= Lloyd Titus =

American architect

Lloyd Titus was an American architect who designed at least 10 school buildings that are listed on the U.S. National Register of Historic Places (NRHP).

His NRHP-listed works in Philadelphia include:
- Richardson L. Wright School, 1101 Venango St., Philadelphia, Pennsylvania, designed by Lloyd Titus, the Chief Draftsman, from 1901 to 1905, of the Department of Buildings of the Philadelphia School Board.
- South Philadelphia High School.

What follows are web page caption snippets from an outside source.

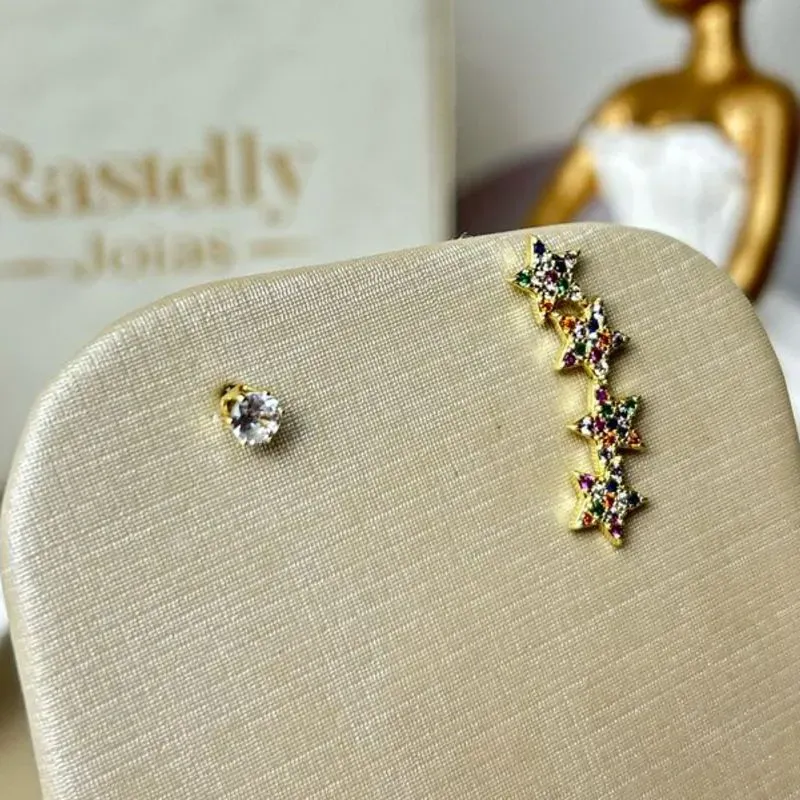 Brinco Ear Cuff Unico Estrelas com Solitario Banhado a Ouro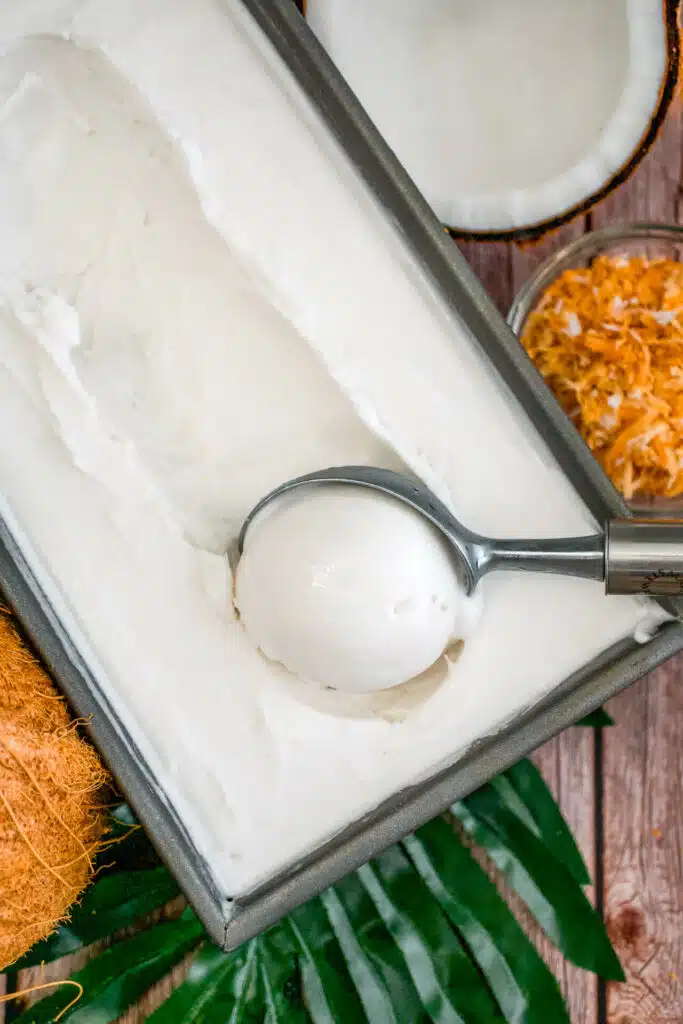 An ice cream scooper getting a perfect scoop of Coconut Sorbet from a rectangle baking dish.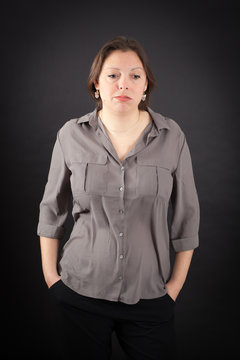 Beautiful woman doing different expressions in different sets of clothes: bored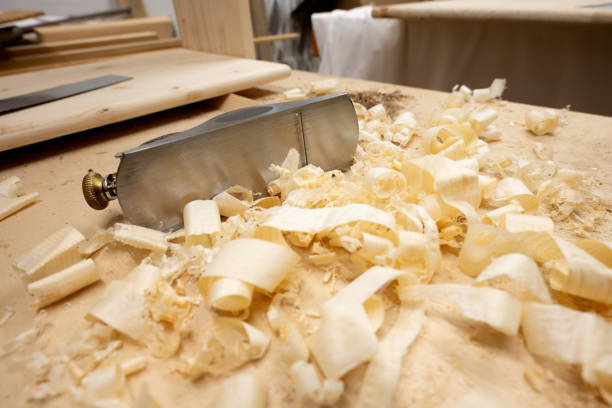 istock carpenter's hand plane with wooden chips. 1708432602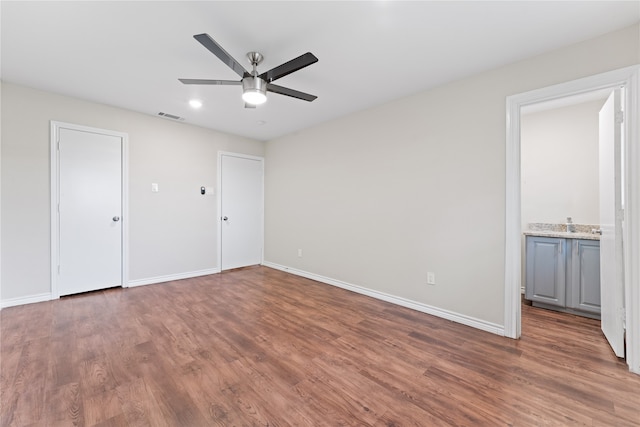 unfurnished bedroom featuring connected bathroom, dark hardwood / wood-style floors, and ceiling fan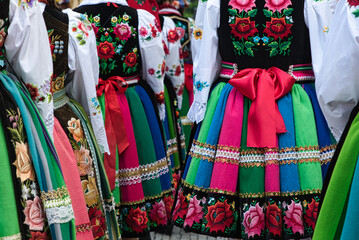 Women dressed in polish national folk costumes from Lowicz during annual Corpus Christi procession....
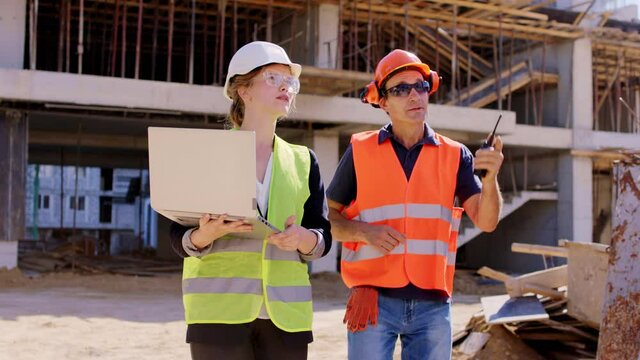 Young engineer lady with a laptop walking beside the foreman middle-aged they analyzing the plan of the construction site wearing safety helmets and goggles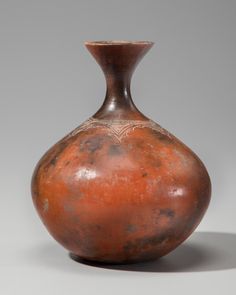 a brown vase sitting on top of a table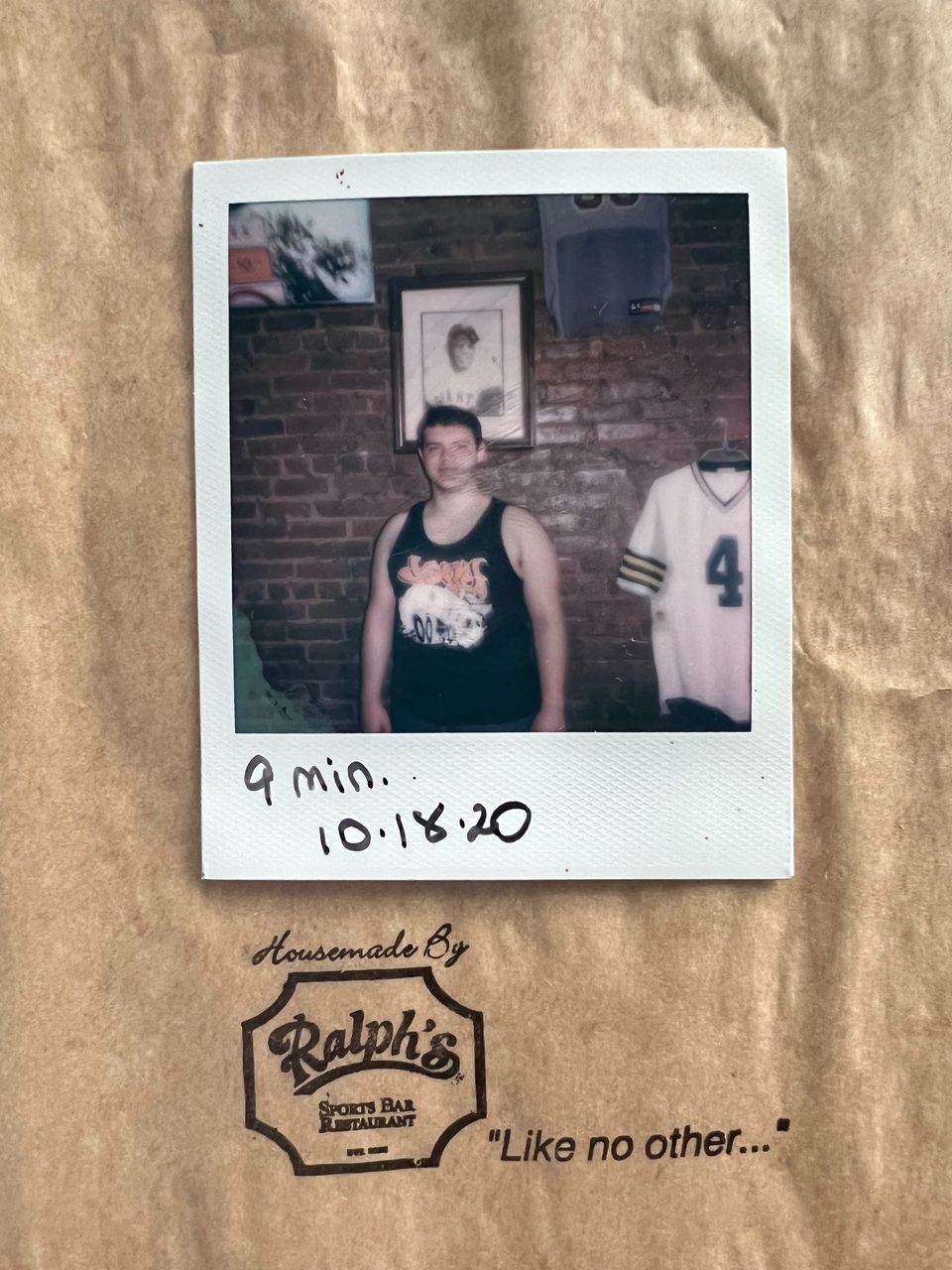 Polaroid photo of a man in a tank top against a brick wall, with a Ralph's Sports Bar logo.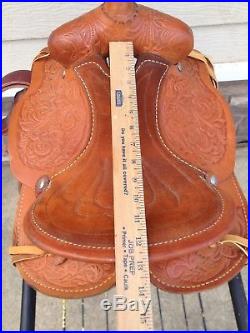 Lightly used 12 US made tooled light oil leather pony saddle withsafety stirrups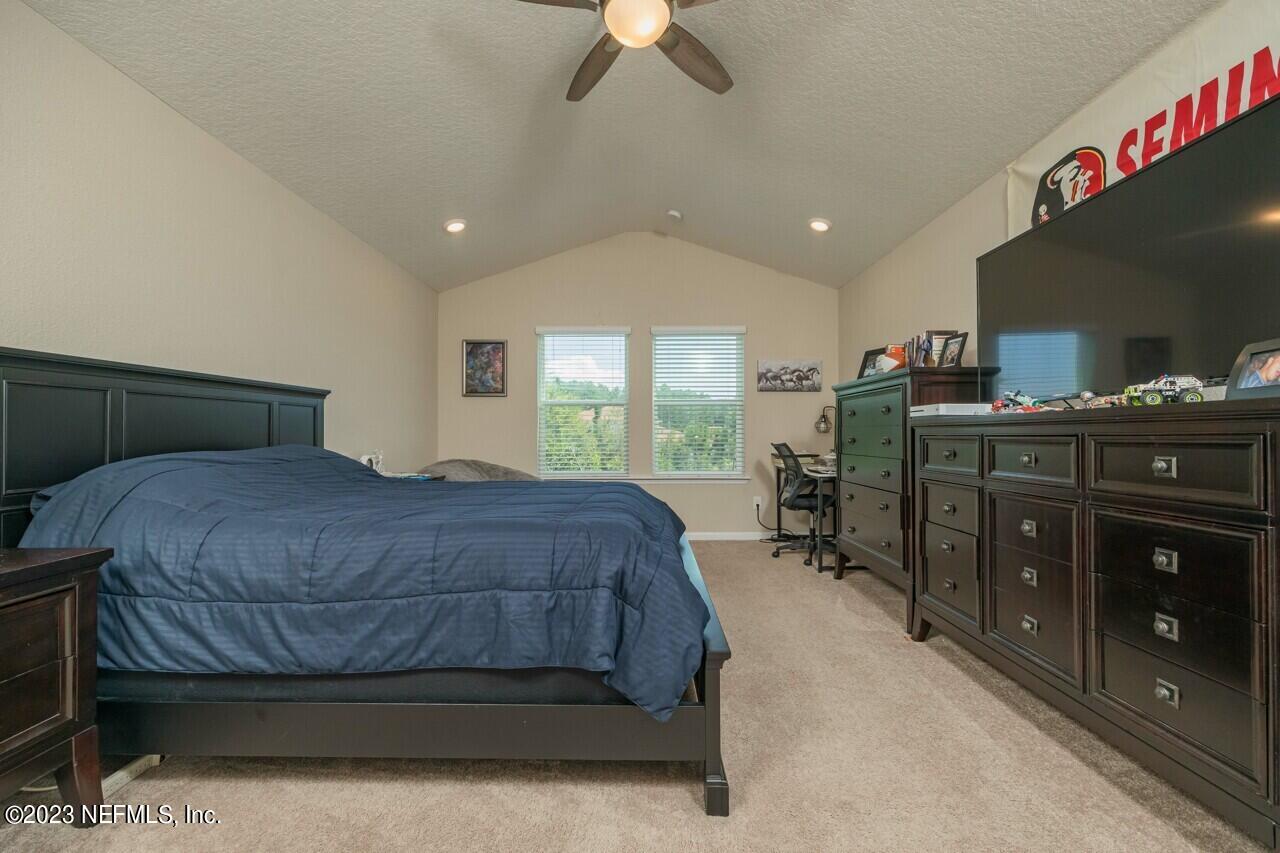 77 Glorieta Drive St. Augustine, FL 32095 - Photo 32 of 67 a bedroom with a bed and a chandelier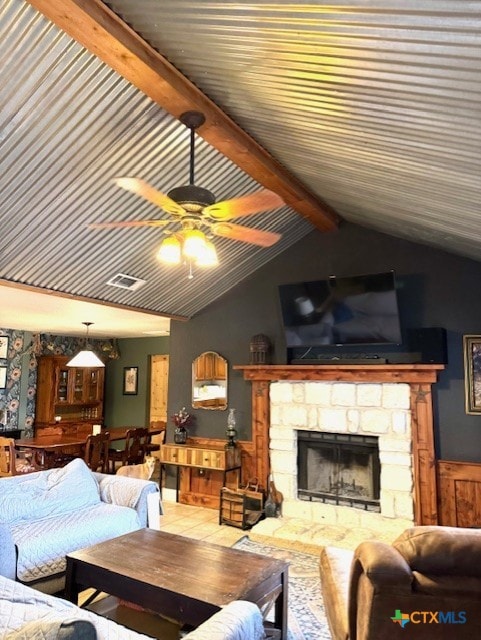 living area with a stone fireplace, vaulted ceiling with beams, and a ceiling fan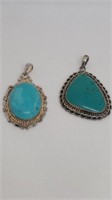 2 blue stone pendants unmarked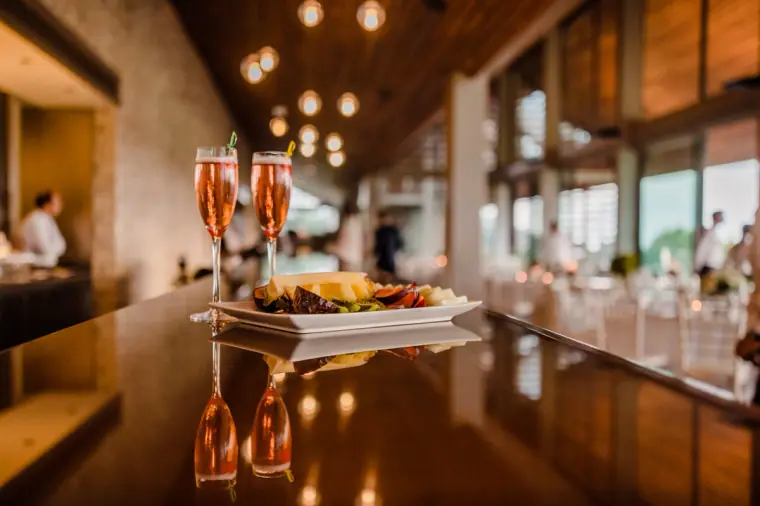 Glasses of rosé Champagne and canapés on the polished bar of the Minthis Hills restaurant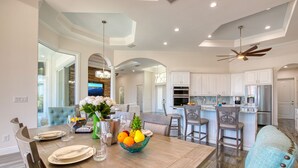 A modern kitchen with white cabinets, a central island, and a dining area with a wooden table set for four.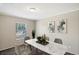 Virtually staged dining room with modern table and chairs at 248 Billy Bullock Rd, Dallas, GA 30157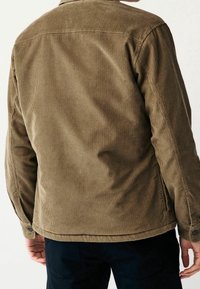 Braune Cordjacke mit einer strukturierten Oberfläche, Knopfmanschetten und geradem Schnitt. Ausgestattet mit einem klassischen Kragen und einer Schulterpasse am Rücken.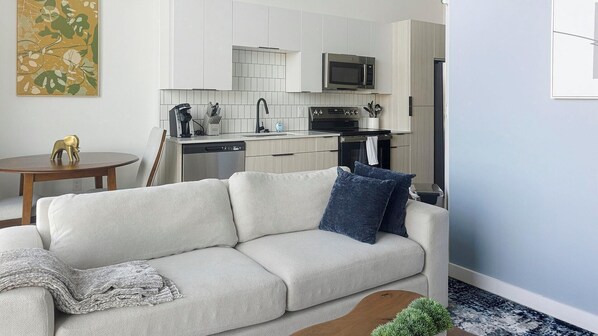 Een moderne woonkamer met een bank, een klein rond tafeltje en een keuken op de achtergrond.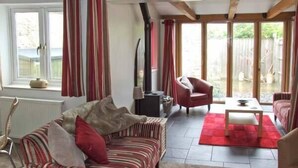 A cozy living room with a striped sofa, a red armchair, and a coffee table. - Hour Cottage (Cheltenham)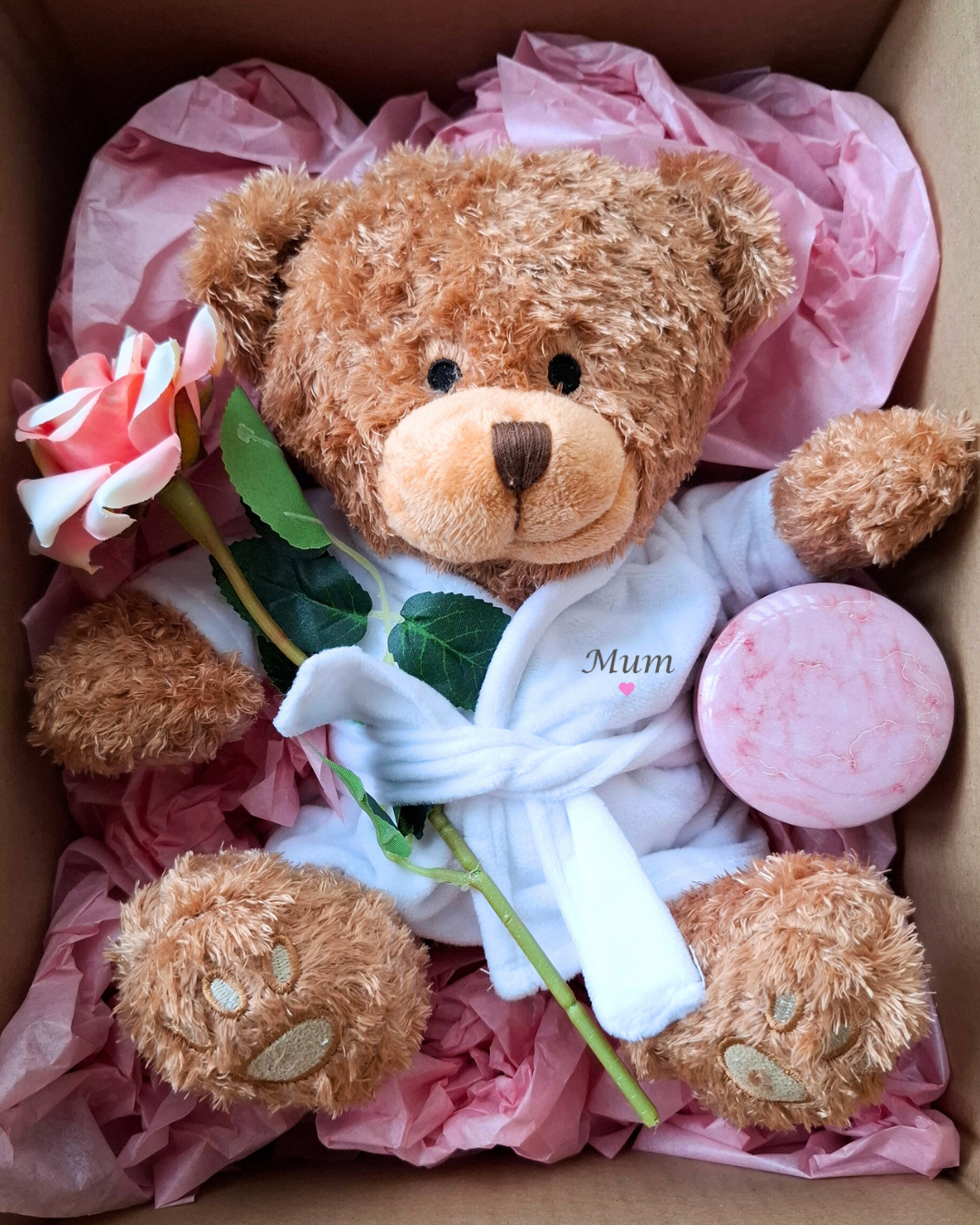 Tissue wrapped gift presentation inside a box with thank you card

The original building was constructed 1907 in a Norman Romanesque style designed by Board of Education Architect Lloyd Titus.
- William W. Axe School, 1709–1733 Kinsey St.
- Alexander Dallas Bache School, 801 N. Twenty-second St.
- George L. Brooks School, 5629–5643 Haverford Ave.
- Thomas Dunlap School, 5031 Race St.
- George L. Horn School, Frankford and Castor Aves.
- Thomas Meehan School, 5347–5353 Pulaski St.
- Northeast Manual Training School, 701 Lehigh St.
- Overbrook Elementary School, 2032 N. 62nd St.
- William J. Stokely School, 1844–1860 N. Thirty-second St.